[DATA PROVIDED]

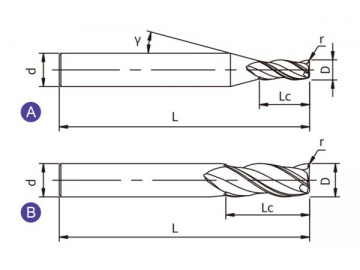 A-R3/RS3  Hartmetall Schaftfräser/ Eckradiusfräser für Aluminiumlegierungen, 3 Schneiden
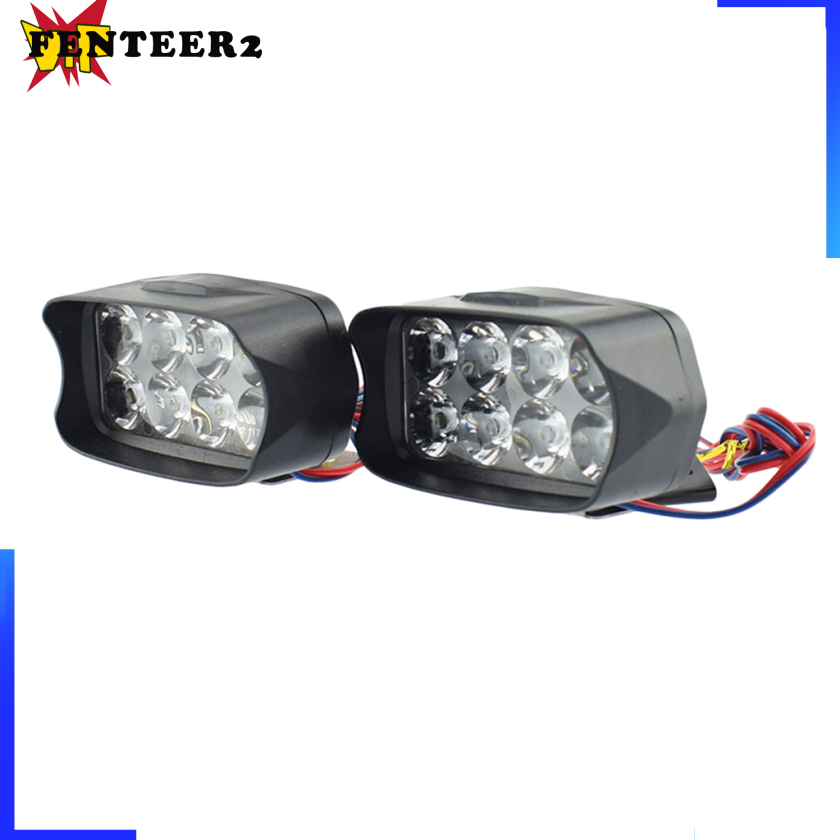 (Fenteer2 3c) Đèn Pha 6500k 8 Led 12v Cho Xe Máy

[/DATA PROVIDED]
[DATA PROVIDED]

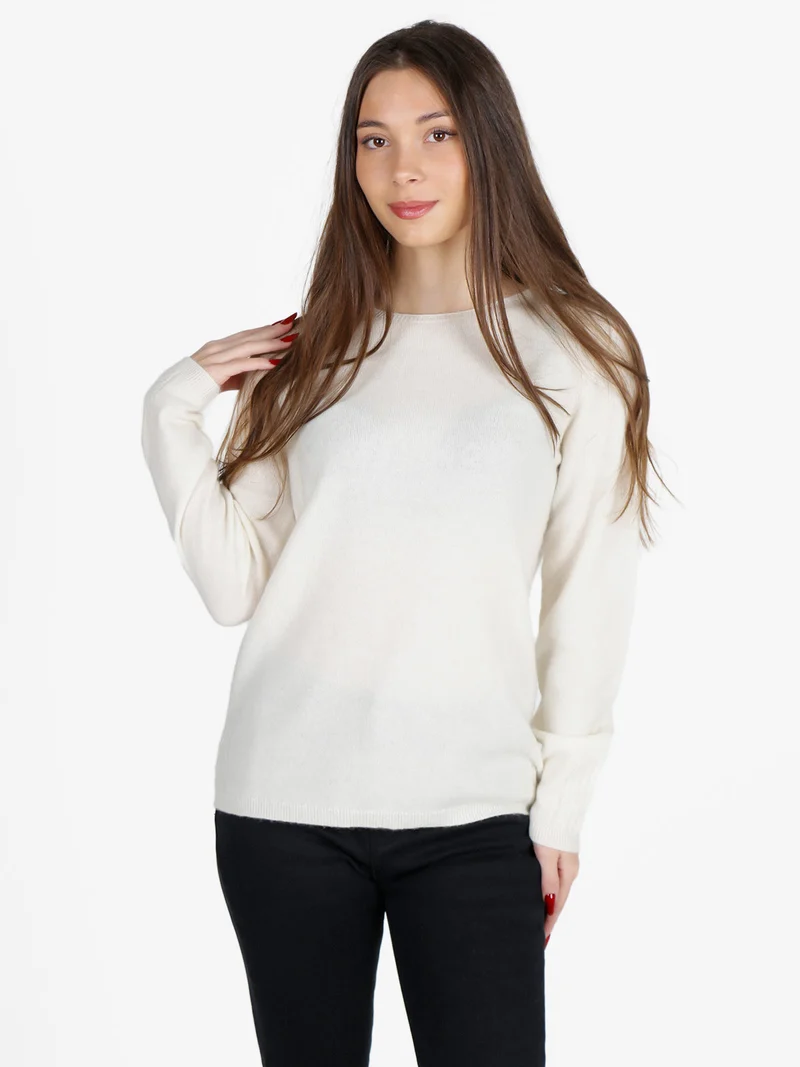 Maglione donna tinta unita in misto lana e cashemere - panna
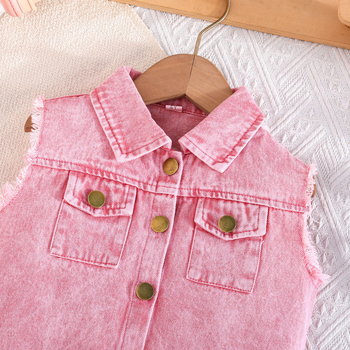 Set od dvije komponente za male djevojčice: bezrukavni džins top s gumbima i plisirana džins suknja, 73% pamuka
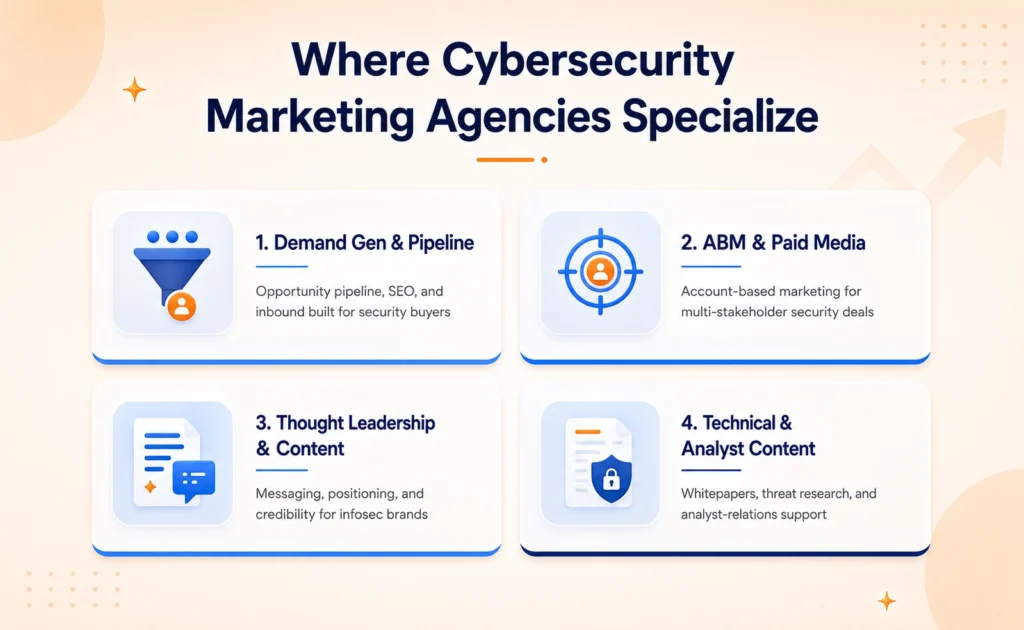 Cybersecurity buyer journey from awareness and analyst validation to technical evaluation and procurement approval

[/DATA PROVIDED]

Would you output only the span of the records above that opens with the line containing "Maglione donna tinta" and closes with the line containing "Set od dvije", ends included and pictures dropped?

RESPONSE:
 Maglione donna tinta unita in misto lana e cashemere - panna
 Set od dvije komponente za male djevojčice: bezrukavni džins top s gumbima i plisirana džins suknja, 73% pamuka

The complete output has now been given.